I look for people and community where people have grown tired of condemning others (all humanity). All judgment has been given to Jesus and the Holy Spirit is in the process of convincing the world about sin (that they have been forgiven), righteousness (that they are in right standing), and judgment (we do not need to judge others anymore). As I said before I am learning to live loved, which will take an eternity, and that reconciliation which is revelation which includes everyone is found in Jesus. So looking at my own track record I am glad He was there in my darkness and continues to shine light into it.
Off topic, perhaps, but if there is no condemnation for those who are in Christ Jesus, and we all are, then we are all on a journey within this mind boggling grace. We have liberty in the Spirit. jg
Hey John! Amen – there is never a need for condemnation, but, unfortunately, the wrong thinking that says we should feel condemned often accompanies disobedience. If one is called to the Church by the Father, but refuses to participate, there is nothing but a negative consequence that can result (even if it is a wrong interpretation of the negative consequence). I think you are on topic still
Jerome – RIGHT ON! You captured what I was trying to say in your own words! Jesus has a bride and she will be his bride and he will be her groom even though she is often blind, in darkness, and naked! How gracious is he to remain faithful to her and see her into her destiny, regardless!
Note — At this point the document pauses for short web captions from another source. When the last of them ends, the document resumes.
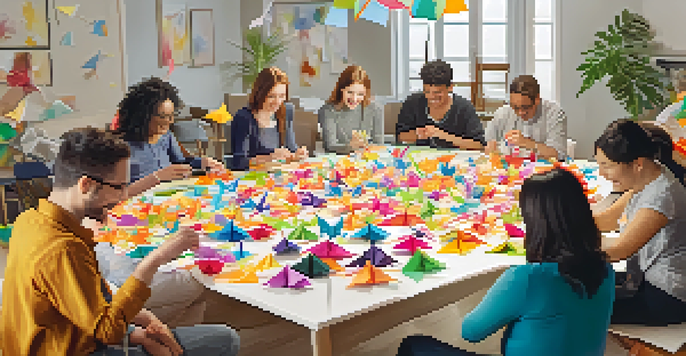 A diverse group of people happily engaged in origami, folding colorful paper into cranes and butterflies, in a bright, inviting room.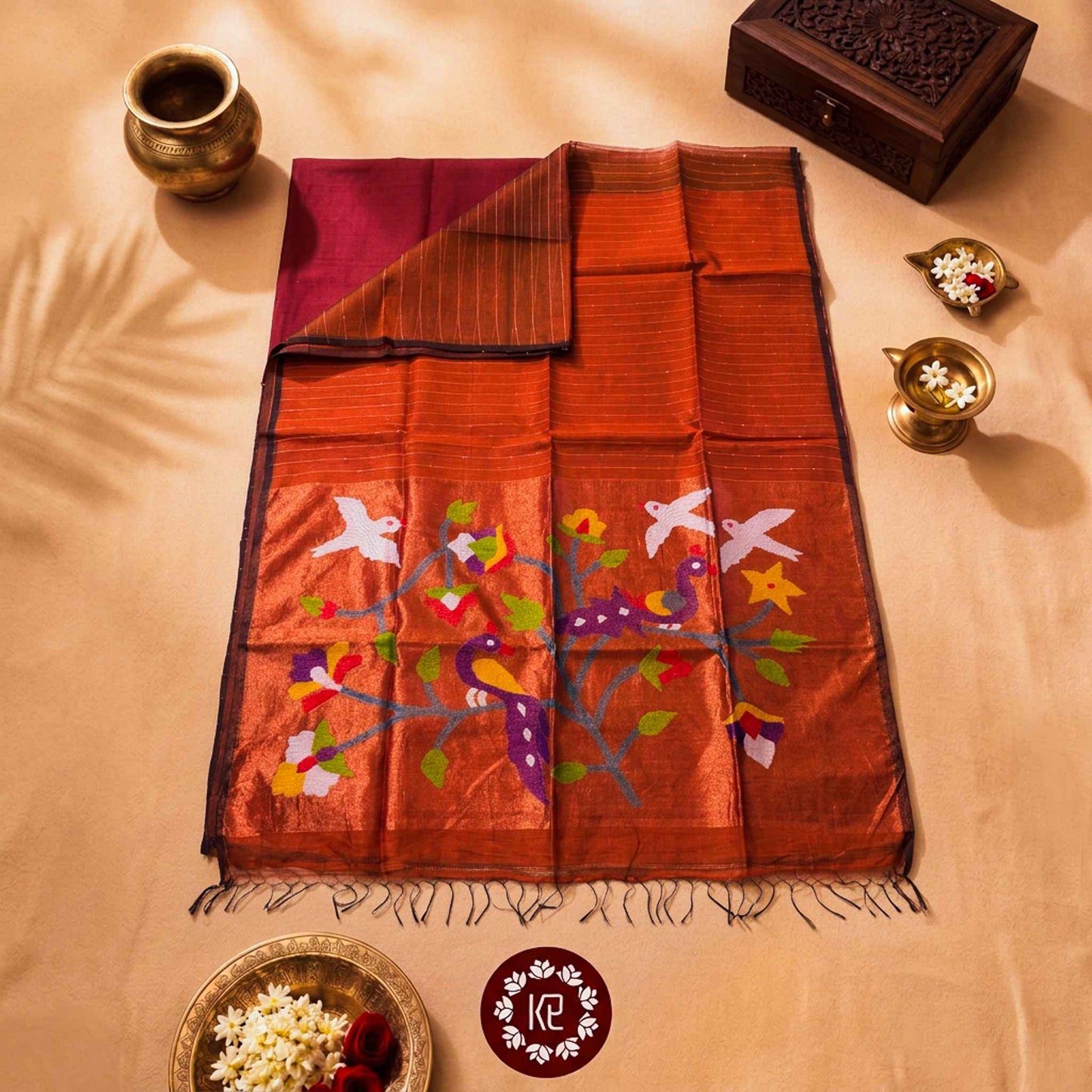 Agnishikha — Pure Jamdani Saree with Peacock & Bird Motifs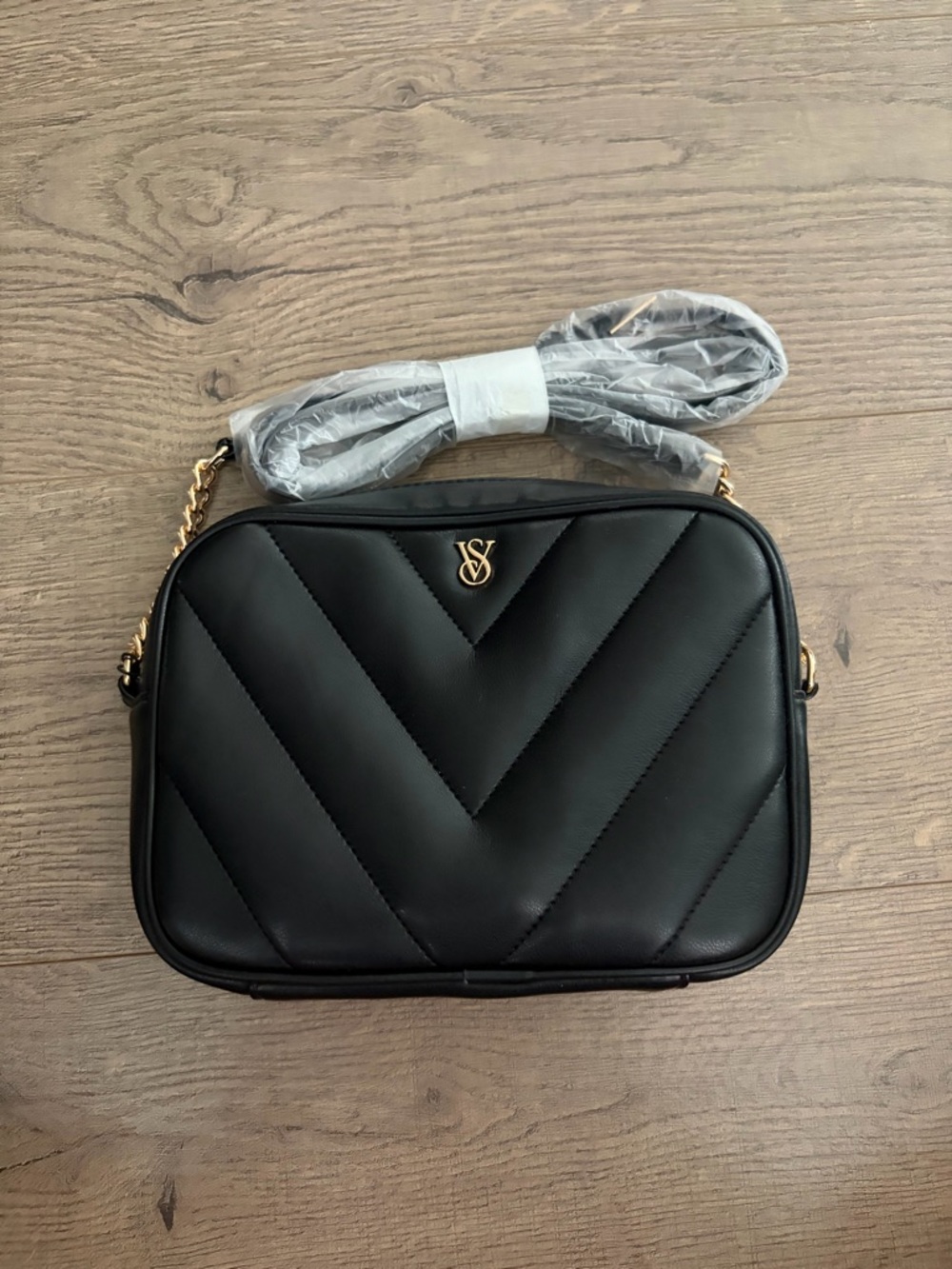 Victoria's Secret Black Quilted Crossbody with Gold Accents NWT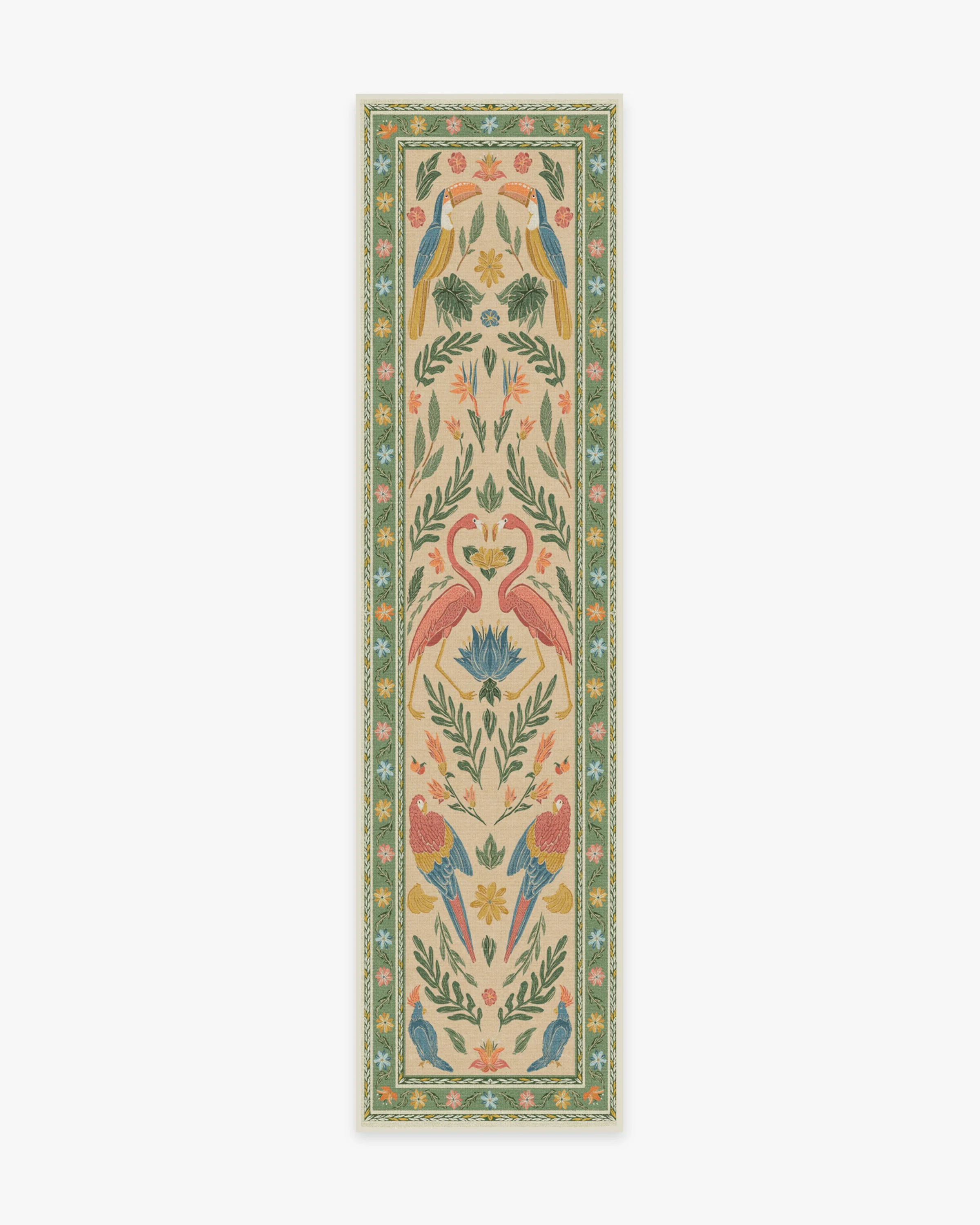 Birds Of A Feather Green & Peach Flatwoven Rug by Iris Apfel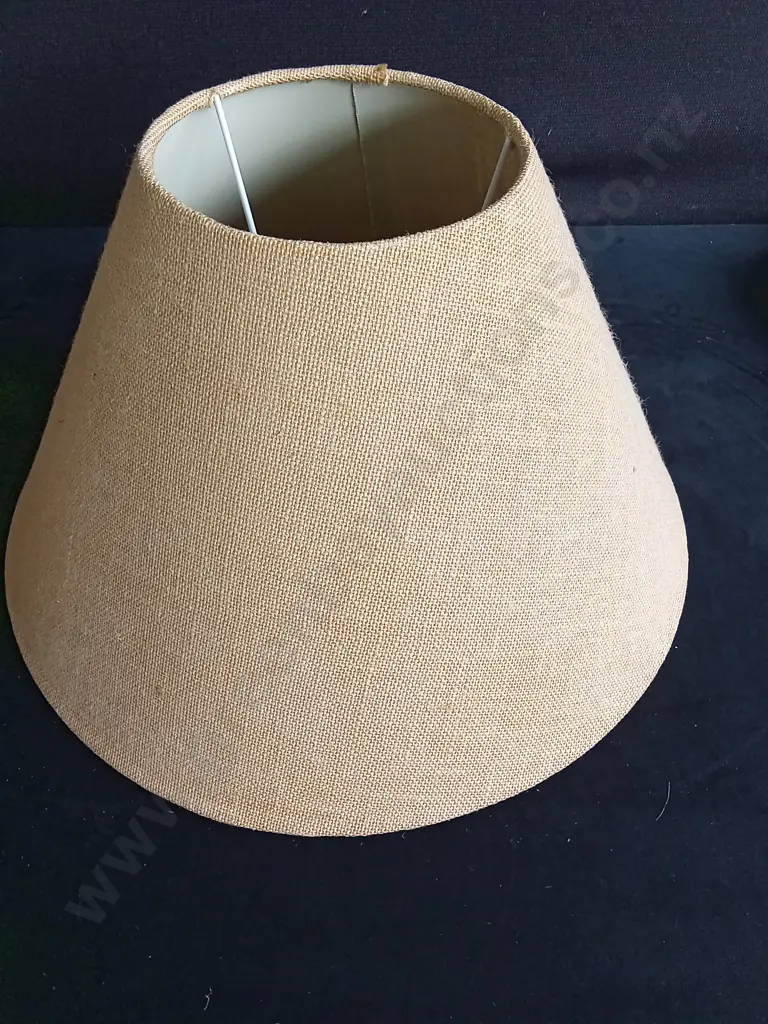 PAIR OF VINTAGE LINEN TAPERED LAMPSHADES H 28CM Image 1++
Boyd – I understand where you are coming from as we have learned about a religion laced with legalistic poison. The other side is that many things Christ has to say to us do indeed come through the pulpit. The one thing we hold to regarding Christ is that those things that actually line up with and are analagous to his human life and experience, do indeed originate with him!! Through clay vessels of course, but through them sure enough!
Thanks for commenting!
Thanks, Pastor Tim and all, for the gracious-from-the-heart comments. It IS exciting and FREEING to understand that our worship is a PARTICIPATION in the ongoing worship that Jesus is living out- we don’t save ourselves, and we don’t worship by ourselves – it is participation in what the Eternal Son is participating in! And as far as who we gather with to participate in Jesus’ worship, I have been reminded several times over the last months that we are called upon to “bear with one another.” Jesus bears with us, and asks us to bear with one another. Hey! if there weren’t any problems, any relational issues, any disagreements over form and content, there wouldn’t be anything to “bear with,” would there? “Three things will last forever-faith, hope, and love-and the greatest of these is love.”
Thanks Jerome
I appreciate your comments, something for me to think about. jg
It is great to remind ourselves of our “obligation” to Christ, for without Him, we are not.
But we also make that mistake of feeling the pressure from our peers to attend every church service, whether it be one day a week or twice on Sunday and once or twice during the middle of the week, not to mention every church activity and function they put out. It’s as if, “If it came from the pulpit, it came from Christ himself!”
We need to find that balance with our understand of who we are in Christ, so we won’t allow peer pressure of our church to rule over us. But we cannot rest on our backside pretending we do not have to “assemble ourselves together”.
A balance that can only be made by Jesus.
Boyd
“The other side is that many things Christ has to say to us do indeed come through the pulpit”
Sorry, I didn’t mean it sound that way.